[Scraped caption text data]
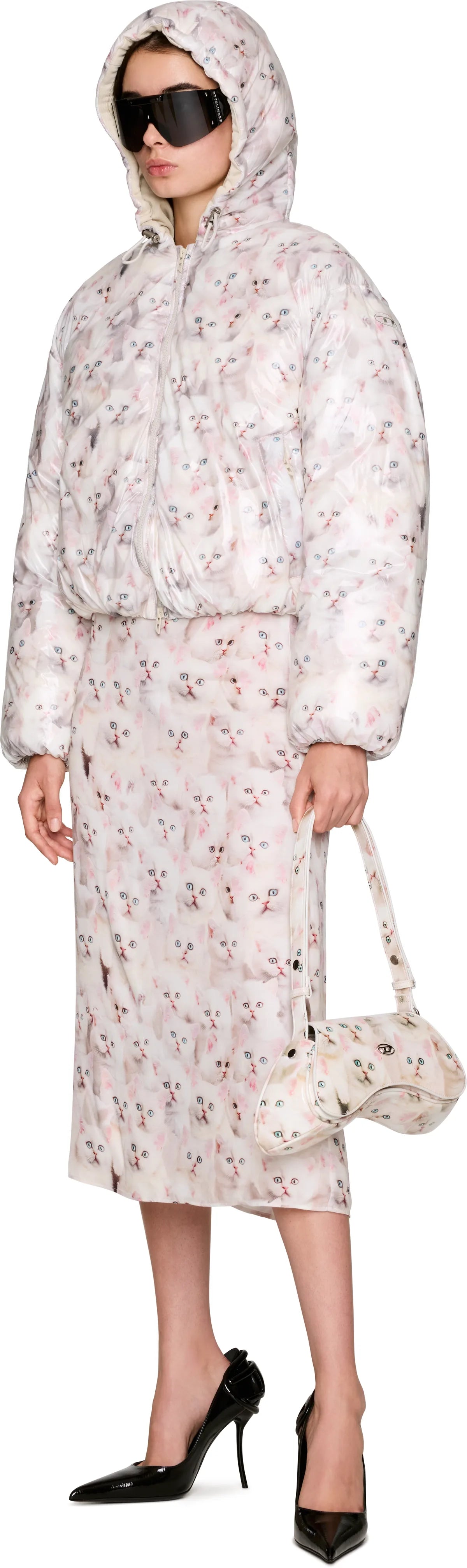 Cat - Print Crossbody Bag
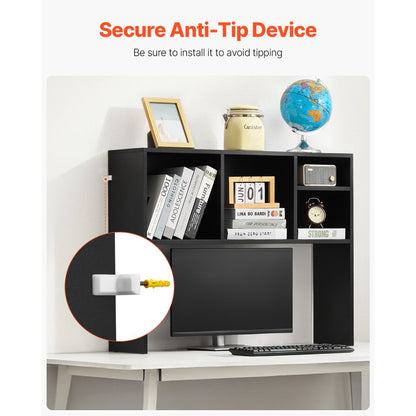 KLBS-01 - 37" VEVOR Desktop Bookshelf with Compartments & Anti-Tip Feature
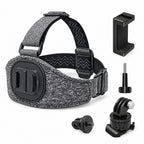 Suport de cap pentru GoPro, bază magnetică, gri – Techsuit JX-003 – imagine 2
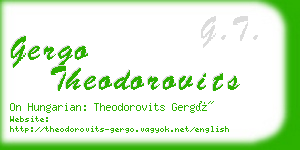 gergo theodorovits business card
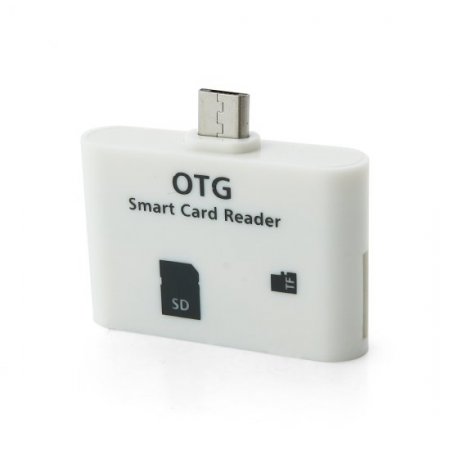 Muti-functional OTG Cable & Memory Card Reader Connection Kit for Smartphone Tablet PC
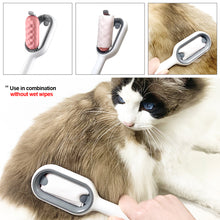 Load image into Gallery viewer, Multifunctional Pet Combs Pet Hair Sticky Brush Hair Remover Pet Wipes Comb Cat Comb Dog Pet Daily Care Supplies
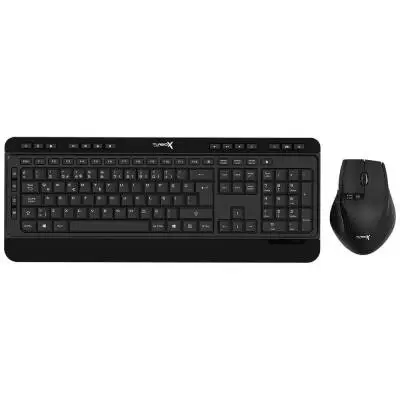 Turbox Maindesk USB Kablosuz 2.4ghz Piano Black Multimedya Standart Q Bilek Destekli Klavye ve Mouse Set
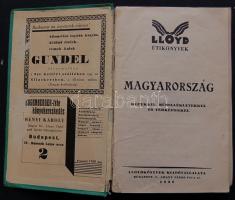 1930 Lloyd utikönyvek: Magyarország sok képpel. (kötés laza)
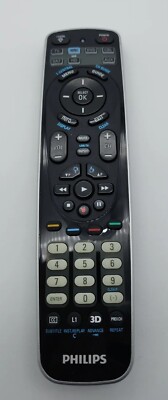 Philips Replacement Universal Remote Control 7 In 1 SRP6207/27 Glow Buttons 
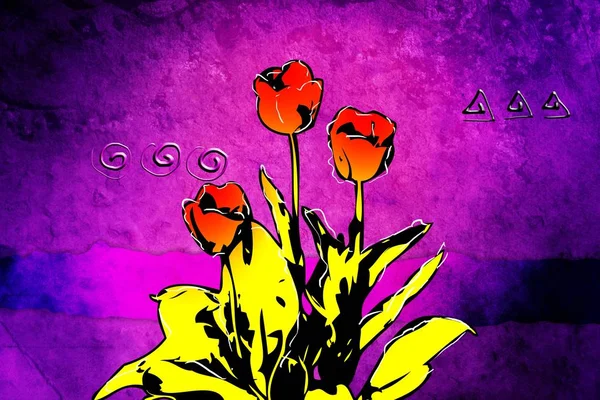 Sanat illüstrasyonu çiçekli klasik arkaplan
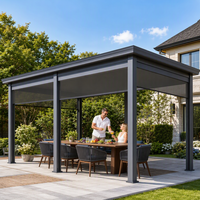 Pergola motorisée en aluminium avec toit rétractable à lames, protection solaire, écologique, pour balcon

### YOUR TASK:
Once the line with "Suport de cap" is found above, transcribe each line from it through the line with "Turbox Maindesk USB", exactly, and omit the pictures.

### TASK OUTPUT:
 Suport de cap pentru GoPro, bază magnetică, gri – Techsuit JX-003 – imagine 2
 gergo theodorovits business card
 Muti-functional OTG Cable & Memory Card Reader Connection Kit for Smartphone Tablet PC
 Load image into Gallery viewer, Multifunctional Pet Combs Pet Hair Sticky Brush Hair Remover Pet Wipes Comb Cat Comb Dog Pet Daily Care Supplies
 Turbox Maindesk USB Kablosuz 2.4ghz Piano Black Multimedya Standart Q Bilek Destekli Klavye ve Mouse Set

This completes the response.